There are some people whom choose to remember Steve as a “sales man” – but, if they looked deeper and researched him they would know that he was far more; being able to identify with consumers and corporate customers alike and derive what they want and need before they do is a real talent.
People also forget that Apple has championed many great standards that the industry has adopted over the years, under Steve Jobs stewardship that have made a great difference to all our lives.
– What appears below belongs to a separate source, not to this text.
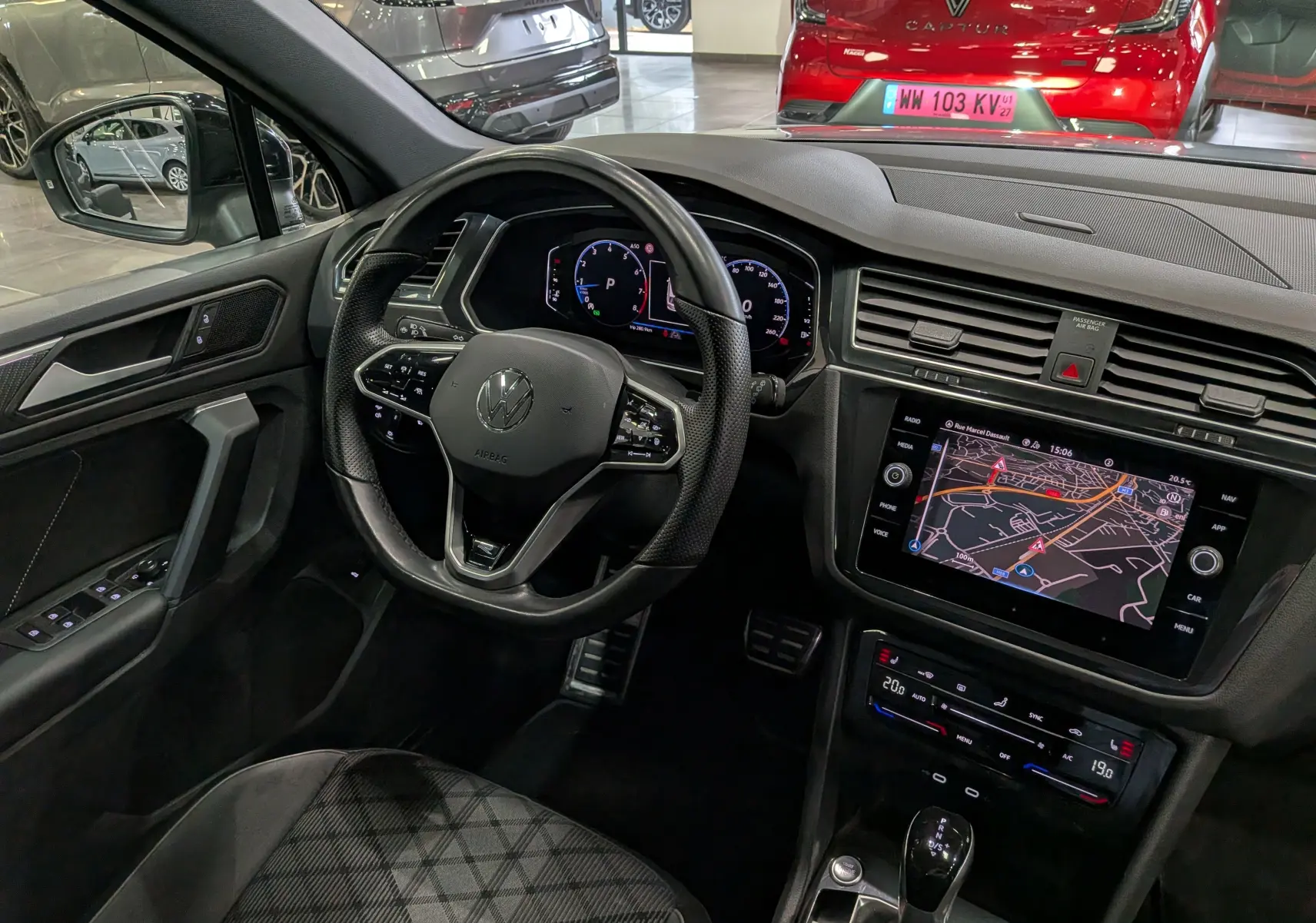 Vue intérieure côté conducteur du Volkswagen Tiguan 2024, tableau de bord noir avec écran tactile et volant multifonction.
This was also balanced against maintaining the company’s own intellectual property and “closed” developments.
He undoubtedly did some things wrong, and perhaps made some decisions at times which others question as morally wrong – but, as humans we are all guilty of this at one level or another – to purely judge someone’s life on a minority of mistakes where the greater whole was positive is reprehensible and short sighted.
Today (Thursday 6th October) Mr Jobs has been paralleled with a number of great figures throughout history – Edison, Einstein, Dr Martin Luther King et al – and some people have rebuked such remarks.
I feel that it is wrong to rebuke such comment as the judging criteria evolves over the years – Edison amongst other things created the light bulb but towards the end of his career time courted controversy with his “etheric force” principles, Einstein – we are all familiar with the theory of relativity – but need to remember that it was instrumental in the development of nuclear weapons to which he personally supported during the 2nd world war, Dr King whilst a leading light in the civil rights movement and undoubtedly did great things – but also had links to a number of “unsavoury” organisations to support his cause.
My point is, I am not betraying the memory of these great people in our histories – what I am saying is that they are all now judged on the sum of their respective achievements – a position that we should afford Steve Jobs in the context of our current history.
In my career, whereas I can say that it has not reached the heights of Steve’s; I can say that there are elements of his example that I do employ. I fundamentally believe in his presentation style – open, simple, smooth and professional. I also believe very much in his belief in creating elegant solutions – with attention to detail.
I also feel that if you believe in something within your work, you should fight for it –and not compromise your position and own conscience – even if that means taking a walk yourself – this is a legacy of Steve Jobs that so many people will be afraid to follow.
I will sign with the following thought -the next time that you are running in the park listening to your iPod, on the train (subway) reading the news on your iPad, designing your next “great” thing on your iMac or iBook, downloading music from any ONLINE store, or watching the next animated 3D classic – think of Steve Jobs – his influence and vision made it possible.